こんにちは。ピックルマニア、運営者の「マサル」です。
近年の爆発的なブームを背景に、ピックルボールに興味はあるものの、まだまだ環境によっては近所にコートがなかったり、定期的に通うのが面倒という方も少なくないでしょう。
そんな中、自宅の庭や空きスペースにコートを自作しているという猛者もおり、同じようにピックルボールのコートを作ろうと作り方を調べている方も増えています。
私も興味を持って調べたところ、正確なサイズやネットの高さ、さらには自作する場合の費用や施工の手順など、意外と考えることが多いことに驚きました。
他にも、テニスコートを転用したい場合や、限られたスペースを有効活用するコツなど、具体的なノウハウを知りたいという声もよく耳にします。
この記事では、コート建設の基本規格から、安く抑えるためのDIY術、さらには住宅街での騒音対策まで、私が調べた限りの情報を網羅しました。
最後まで読んでいただくことで、自分にぴったりの環境でピックルボールを楽しむための道筋がきっと見えてくるはずです。
【この記事でわかること】
- 公式ルールに基づいたコートの正確な寸法とレイアウトの詳細
- コンクリートやアスファルトなど土台選びによる耐久性とコストの違い
- 既存の庭やテニスコートを安く改修して活用するための実践的なアイデア
- 近隣住民との良好な関係を保つための騒音対策と維持管理のチェックリスト
ピックルボールコートの作り方の基本規格と公式サイズ
ピックルボールを本格的に楽しむためには、まずはその規格を正しく理解することが欠かせません。

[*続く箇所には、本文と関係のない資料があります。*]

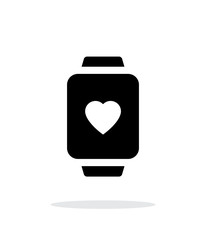 Heart on smart watch simple icon on white background.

テニスコートを小さくしたような見た目ですが、実はバドミントンのコートサイズと同じだったり、ネットの高さが絶妙に違ったりと、独特の面白いルールがたくさんあります。
ここでは、失敗しないコート造りのための基礎知識を整理しました。
国際基準のコートサイズと各エリアの公式寸法
ピックルボールのコート建設において、最も基本的な出発点となるのがその「20フィート(約6.10メートル)×44フィート(約13.41メートル)」という正確な寸法です。
これはダブルスでもシングルスでも共通して使用される広さで、テニスのようにシングルス専用の狭いコートを作る必要はありません。
このサイズはバドミントンのダブルスコートと全く同じ寸法であることは有名ですが、実はラインの構成には大きな違いがあり、ピックルボール独自の「キッチン(ノンボレーゾーン)」が存在するため、単にバドミントンコートのラインをなぞるだけでは不十分というわけです。
コート全体を囲むサイドラインとベースラインに加え、中央にはサービスエリアを左右に分けるセンターラインも必要で、すべてのラインの幅は「2インチ(約5.08センチメートル)」で統一する必要があります。この幅は国際的な基準でもあり、視認性を高めるためにも非常に重要です。
そしてラインを引く際は、コートのサーフェス色とのコントラストがはっきりした色(白や鮮やかな黄色など)を選ぶのが、プレーのしやすさを向上させるコツです。
主要なエリア定義
- サイドライン:コートの長辺を示す、長さ13.41メートルの境界線。
- ベースライン:コートの短辺を示す、幅6.10メートルの境界線。
- センターライン:ノンボレーゾーンからベースラインまでを左右に2分割する線。
- サービスエリア:センターラインで区切られた左右15×10フィートの着地エリア。
自分でメジャーを持って測る際は、対角線の長さも確認する「3-4-5の法則」などを使って、コートが綺麗な長方形になっているかチェックすることをおすすめします。歪んだコートだとサーブの判定などでトラブルになりやすいため注意したいポイントです。
(出典:USA Pickleball『Pickleball Court Construction』)
初心者の方が知るべきネットの高さとポストの設置基準
ピックルボールのネットは、一見するとテニスのネットをそのまま低くしたように見えますが、実は高さの規定がかなり細かく決まっています。
これを間違えるとピックルボール最大の醍醐味である「低い弾道の応酬」が台無しになってしまうため、慎重な調整が必要です。
具体的な高さは、「両端のポスト部分で36インチ(約91.44センチメートル)」、そして「中央部分で34インチ(約86.36センチメートル)」と規定されており、テニスのセンターベルトと同様に、中央がわずかにたわんでいる状態が正解です。
テニスのセンターネットの高さ(3フィート=約91.4センチメートル)と比べると、ピックルボールの方が中央は約5センチメートルほど低くなっています。
このわずかな低さが、強力なスマッシュを打ち込みにくくし、戦略的なドロップショットを有効にする絶妙なバランスを生んでいるようです。
さらに、ネットポストを設置する際の位置も重要です。ポストはサイドラインから外側に1フィート(約30.48センチメートル)離した場所に設置するのが公式の基準です。
常設型のポストを地面に打ち込む場合は、一度設置すると後から修正するのは大変ですので、穴を掘る前に十分に計測することをおすすめします。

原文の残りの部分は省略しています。